Viva!Life Issue 59 | Summer 2015

| 13 August 2015
minute reading time
VL59 cover

The injustices that Viva! tackles are perpetuated because they’re part of the cultural norm. It is normal not to care that animals are treated as commodities, denied happiness and freedom; existing rather than living in a cruel, man-made world. It is normal to be numb to the cries of terror and pain as animals are electrocuted and knifed. Viva!’s visit to a dairy cattle auction (page 28) turns the spotlight on the blinkered. Farmers who wrench one-day-old calves from their bellowing mothers; who prod these bewildered animals around an auction ring without even a shadow of emotion. Most of us were once part of this ‘norm’ – and I say this to remind everyone that people do change! And once your eyes have opened, it seems incredulous that you find yourself in a minority! Why are you expected to defend your position as a vegan or vegetarian when it is blindingly obvious that animal cruelty, environmental collapse and ill health are bad things?

Tony Wardle’s feature (page 37) goes some way to explaining why the power is largely in the hands of the exploiters. But don’t you feel that change is afoot? Although the establishment tries hard to steer us away from issues that may make us revolt; millions of people are… god forbid(!), thinking for themselves. Britain is starting to turn its back on abuse. Meat consumption has fallen significantly over the last decade – the equivalent of every Brit giving it up for one month a year. The size of the nondairy market jumped from 36 million litres in 2011 to 92 million litres in 2013 – an increase of 155 per cent in just two years.

One in seven yoghurts sold are now soya-based and growing – eight per cent year-on-year. Viva! is proud to be at the forefront of this shift but will not rest until WE are the norm! We have a diverse supporter base – the young, elderly and everyone in between.
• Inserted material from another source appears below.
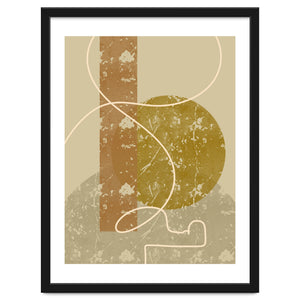 Interaction of Shapes and Lines by Yuli Saputra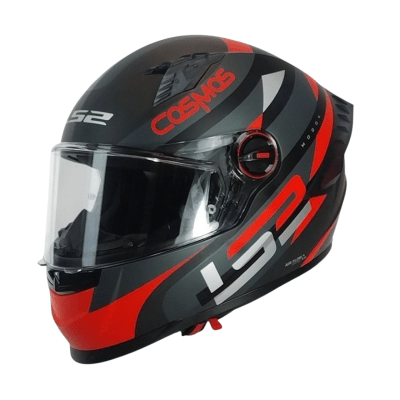 CASCO LS2 FF816 COSMOS MODOK RED GRAY MATTE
If you want information on a care home, retirement complex or food supplier that provides for vegans and vegetarians, look no further. I never thought I’d end a Welcome column on a windy note! But we all do it, even us women, though ours smell of roses. I’m talking about one of the last taboos – farting! I’ve explained (page 12) why it is a healthy – nay essential – activity and why the trillions of micro critters that make us do it, keep us alive!